Buchanan also questioned the whole proposition of a second trial for Zimmerman based on hate crime violations under federal law.

“Now Sean, if after 16 months the prosecution with all the evidence it could get together could not prove rage or malice or hatred of any kind, couldn’t prove it — how in heaven’s name is the Justice Department supposed to prove that it is racial hatred, racial anger, racial malice, a hate crime?” he continued. “No evidence for that exists. Why then is the Attorney General of the United States continuing to hold out hope of a second trial of George Zimmerman? That would be outrageous.”

But Buchanan was particular harsh on President Barack Obama. He pointed to Obama’s rising to the occasion after the shooting of then-Arizona Democratic Rep. Gabriel Giffords in 2010. But he said Obama hasn’t stood up in this case.
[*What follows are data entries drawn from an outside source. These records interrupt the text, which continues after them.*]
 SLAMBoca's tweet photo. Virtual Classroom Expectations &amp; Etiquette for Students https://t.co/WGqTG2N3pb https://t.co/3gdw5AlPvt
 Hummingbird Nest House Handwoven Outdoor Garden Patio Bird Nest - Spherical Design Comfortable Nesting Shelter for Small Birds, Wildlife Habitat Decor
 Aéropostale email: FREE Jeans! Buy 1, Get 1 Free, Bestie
“The question here now — I mean, what’s going on, it’s not good for this country,” Buchanan said. “Let me say this — I think that Barack Obama was splendid in the Gabby Gifford event. The country was divided after that lunatic shot all those people, wounded her. And he went out there in sort of a healing mission and I thought he succeeded. He has got to — President Obama should right now stand up and say, ‘Shut this thing down. Mr. Attorney General, if your FBI in 16 months doesn’t have proof of some kind of racial hate crime, and I don’t know where it would get the proof — then you shut this thing down as of this weekend. I think the president ought to speak out against vandalism and violence of any kind.”

“Sean, first it’s right for the country,” he continued. “Secondly, it’s right for the president of the United States. People are being beaten up. ‘This one’s for Trayvon.’ There’s been violence and vandalism. Shouldn’t the president stand up and say, ‘Don’t do this.’ Stop it.”
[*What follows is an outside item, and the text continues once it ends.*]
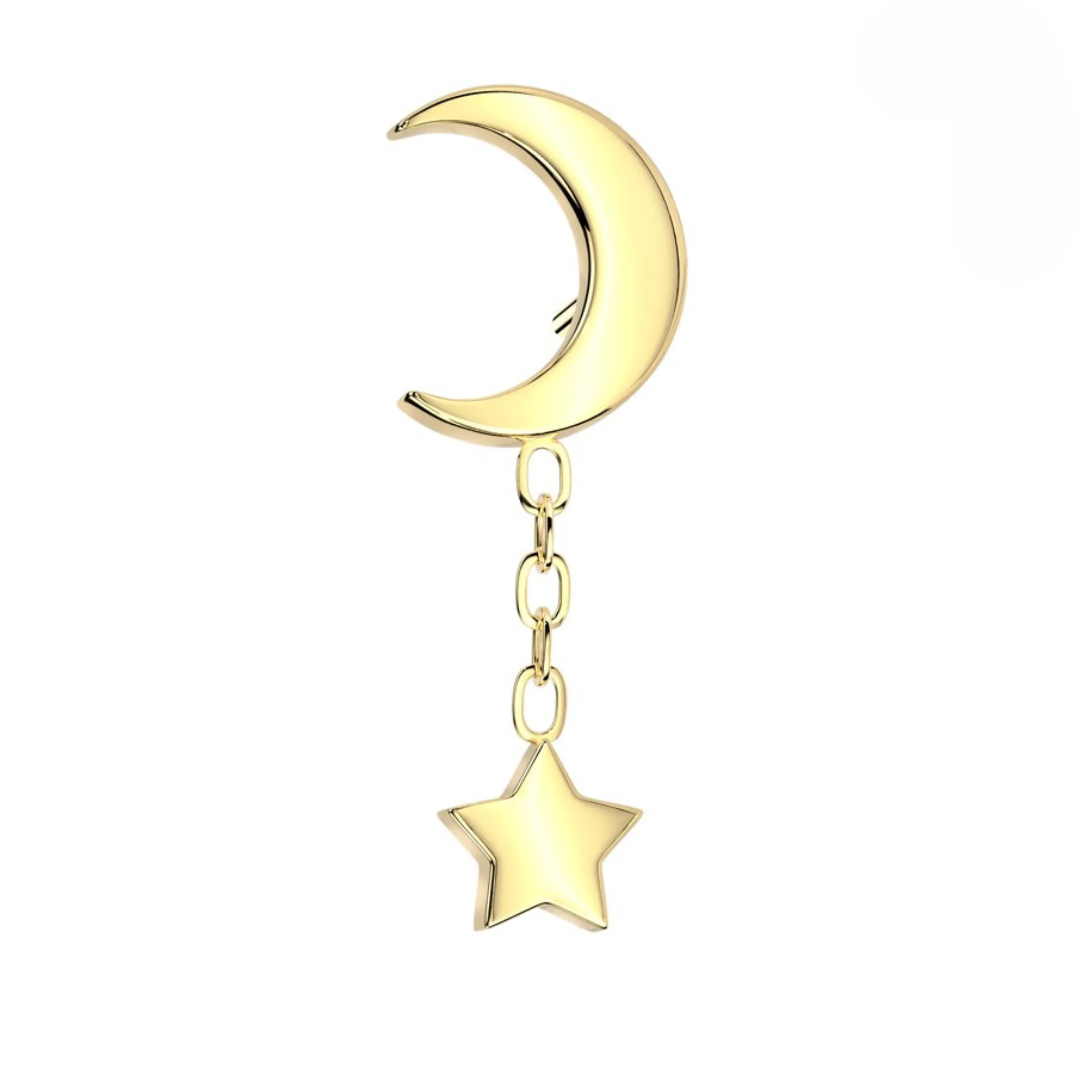 Dangle Moon & Star Titanium Threadless Push In Top Hypoallergenic Durable Labret Flatback Piercing Jewelry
Buchanan went on to accuse Attorney General Eric Holder of encouraging some actions out on the street, which was as he said “not the American way.”

“I think Eric Holder is giving aid and comfort to the people who want this thing decided in the streets, not in a court of law where it was decided,” Buchanan said. “You know Sean, why doesn’t the president get up and say exactly what you just said? ‘Look, this man has been declared not guilty. It’s a very controversial trial. Everybody’s got a right to protest. But the idea of calling for vengeance and the idea of running around saying “no justice,” all of this — this is not the American way. And what you folks have to do is we’re not going to have a second trial of a man declared not guilty when we don’t have any evidence other than what the prosecution, which had failed to convict.’”

Buchanan noted Obama’s ill-advised comments in 2009, when he accused a Cambridge police officer of “acting stupidly,” but then hosted the “beer summit” to ease tensions. According to Buchanan, this incident was “far more serious” and warrants a public statement from the president.

“This is far, far, far more serious than that was,” Buchanan said. “And he’s sitting there silent. You know, the immortal Dante, the poet, once said there’s a special place in hell for people in times of moral crisis refuse to take a stand. Mr. President, it is time you took a stand.”